Task statement — Could you set down exactly the lines of the data below, starting at the one that holds "Mekong gay cruise excursions" and ending at the one that holds "MARVEL CAPTAIN AMERICA", both included, and only those?

Dataset content —
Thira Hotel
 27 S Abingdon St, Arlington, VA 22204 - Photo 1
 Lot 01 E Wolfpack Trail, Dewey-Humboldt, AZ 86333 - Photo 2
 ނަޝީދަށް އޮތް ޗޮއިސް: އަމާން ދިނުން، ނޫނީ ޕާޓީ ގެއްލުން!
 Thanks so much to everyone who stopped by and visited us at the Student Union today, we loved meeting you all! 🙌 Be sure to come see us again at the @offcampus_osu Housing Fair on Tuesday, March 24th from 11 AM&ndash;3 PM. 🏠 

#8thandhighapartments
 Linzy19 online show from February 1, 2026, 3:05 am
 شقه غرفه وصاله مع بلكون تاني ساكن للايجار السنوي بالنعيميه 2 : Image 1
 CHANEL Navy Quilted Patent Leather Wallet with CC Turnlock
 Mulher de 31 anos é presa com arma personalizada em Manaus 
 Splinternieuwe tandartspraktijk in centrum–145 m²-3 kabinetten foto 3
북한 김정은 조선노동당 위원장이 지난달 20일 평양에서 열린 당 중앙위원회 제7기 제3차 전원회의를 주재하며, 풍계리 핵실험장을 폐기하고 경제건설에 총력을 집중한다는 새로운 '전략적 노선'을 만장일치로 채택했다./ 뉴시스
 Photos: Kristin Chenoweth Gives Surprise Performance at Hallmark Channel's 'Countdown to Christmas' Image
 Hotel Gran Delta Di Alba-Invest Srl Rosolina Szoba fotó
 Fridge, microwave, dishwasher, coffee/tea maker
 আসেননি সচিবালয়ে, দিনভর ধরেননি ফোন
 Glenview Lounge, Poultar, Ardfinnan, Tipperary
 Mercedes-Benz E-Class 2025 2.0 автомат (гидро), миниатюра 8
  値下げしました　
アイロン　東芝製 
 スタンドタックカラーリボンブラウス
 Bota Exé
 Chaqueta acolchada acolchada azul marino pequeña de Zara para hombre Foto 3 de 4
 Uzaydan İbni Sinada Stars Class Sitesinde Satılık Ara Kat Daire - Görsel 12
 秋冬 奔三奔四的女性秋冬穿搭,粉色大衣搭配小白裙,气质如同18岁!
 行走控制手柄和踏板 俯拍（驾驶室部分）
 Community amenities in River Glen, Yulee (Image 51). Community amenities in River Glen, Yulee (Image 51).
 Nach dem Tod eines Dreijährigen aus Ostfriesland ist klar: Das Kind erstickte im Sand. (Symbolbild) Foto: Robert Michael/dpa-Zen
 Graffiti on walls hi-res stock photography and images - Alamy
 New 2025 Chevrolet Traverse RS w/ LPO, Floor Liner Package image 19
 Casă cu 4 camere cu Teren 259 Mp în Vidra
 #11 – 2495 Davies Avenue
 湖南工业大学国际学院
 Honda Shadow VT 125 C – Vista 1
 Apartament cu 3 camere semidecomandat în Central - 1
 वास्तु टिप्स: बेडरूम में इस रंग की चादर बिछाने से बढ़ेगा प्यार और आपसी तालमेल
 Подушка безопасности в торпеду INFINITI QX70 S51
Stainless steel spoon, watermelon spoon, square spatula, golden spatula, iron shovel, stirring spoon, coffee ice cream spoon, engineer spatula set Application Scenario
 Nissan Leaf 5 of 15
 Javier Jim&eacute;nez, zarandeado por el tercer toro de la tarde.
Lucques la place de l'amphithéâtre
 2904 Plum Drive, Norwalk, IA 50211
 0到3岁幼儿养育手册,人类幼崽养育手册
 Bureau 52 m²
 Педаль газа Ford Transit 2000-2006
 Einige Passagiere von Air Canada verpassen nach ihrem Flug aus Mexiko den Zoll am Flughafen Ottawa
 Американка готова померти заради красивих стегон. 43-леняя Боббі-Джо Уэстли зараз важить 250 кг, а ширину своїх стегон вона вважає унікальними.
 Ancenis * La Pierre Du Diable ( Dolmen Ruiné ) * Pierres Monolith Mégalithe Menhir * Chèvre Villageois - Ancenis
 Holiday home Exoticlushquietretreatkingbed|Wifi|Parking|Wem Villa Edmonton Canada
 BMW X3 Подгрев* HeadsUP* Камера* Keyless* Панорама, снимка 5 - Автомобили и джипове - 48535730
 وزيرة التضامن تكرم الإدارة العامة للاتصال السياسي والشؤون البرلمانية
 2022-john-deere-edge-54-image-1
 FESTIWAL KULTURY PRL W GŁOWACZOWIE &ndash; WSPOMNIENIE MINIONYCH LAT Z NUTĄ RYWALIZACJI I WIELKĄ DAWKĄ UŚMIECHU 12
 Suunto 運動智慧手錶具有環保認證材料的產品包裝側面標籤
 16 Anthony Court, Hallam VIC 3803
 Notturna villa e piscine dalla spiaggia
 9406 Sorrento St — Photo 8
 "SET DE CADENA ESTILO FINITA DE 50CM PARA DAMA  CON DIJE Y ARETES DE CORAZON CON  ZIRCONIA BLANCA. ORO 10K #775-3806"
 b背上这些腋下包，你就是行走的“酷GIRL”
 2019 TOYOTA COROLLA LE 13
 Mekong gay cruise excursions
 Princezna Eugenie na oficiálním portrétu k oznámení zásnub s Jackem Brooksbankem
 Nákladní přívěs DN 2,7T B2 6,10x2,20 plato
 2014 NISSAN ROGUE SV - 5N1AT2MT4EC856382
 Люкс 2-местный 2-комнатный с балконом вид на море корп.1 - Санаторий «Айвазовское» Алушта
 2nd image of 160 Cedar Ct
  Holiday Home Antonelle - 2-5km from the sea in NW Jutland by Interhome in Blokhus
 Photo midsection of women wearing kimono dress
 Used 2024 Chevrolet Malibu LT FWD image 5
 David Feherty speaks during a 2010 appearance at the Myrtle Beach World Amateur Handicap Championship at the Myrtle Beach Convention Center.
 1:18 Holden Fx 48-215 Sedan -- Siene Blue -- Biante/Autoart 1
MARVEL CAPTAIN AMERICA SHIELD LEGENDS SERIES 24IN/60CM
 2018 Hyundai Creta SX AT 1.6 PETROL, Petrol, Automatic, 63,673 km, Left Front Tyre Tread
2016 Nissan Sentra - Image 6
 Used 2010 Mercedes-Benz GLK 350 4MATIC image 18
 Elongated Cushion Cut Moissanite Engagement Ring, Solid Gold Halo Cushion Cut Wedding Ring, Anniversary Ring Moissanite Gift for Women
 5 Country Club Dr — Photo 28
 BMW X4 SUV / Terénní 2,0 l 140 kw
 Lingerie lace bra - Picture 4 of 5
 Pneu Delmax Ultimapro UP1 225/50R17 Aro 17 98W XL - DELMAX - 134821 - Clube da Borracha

Solution for this exercise —
 Mekong gay cruise excursions
 Princezna Eugenie na oficiálním portrétu k oznámení zásnub s Jackem Brooksbankem
 Nákladní přívěs DN 2,7T B2 6,10x2,20 plato
 2014 NISSAN ROGUE SV - 5N1AT2MT4EC856382
 Люкс 2-местный 2-комнатный с балконом вид на море корп.1 - Санаторий «Айвазовское» Алушта
 2nd image of 160 Cedar Ct
  Holiday Home Antonelle - 2-5km from the sea in NW Jutland by Interhome in Blokhus
 Photo midsection of women wearing kimono dress
 Used 2024 Chevrolet Malibu LT FWD image 5
 David Feherty speaks during a 2010 appearance at the Myrtle Beach World Amateur Handicap Championship at the Myrtle Beach Convention Center.
 1:18 Holden Fx 48-215 Sedan -- Siene Blue -- Biante/Autoart 1
MARVEL CAPTAIN AMERICA SHIELD LEGENDS SERIES 24IN/60CM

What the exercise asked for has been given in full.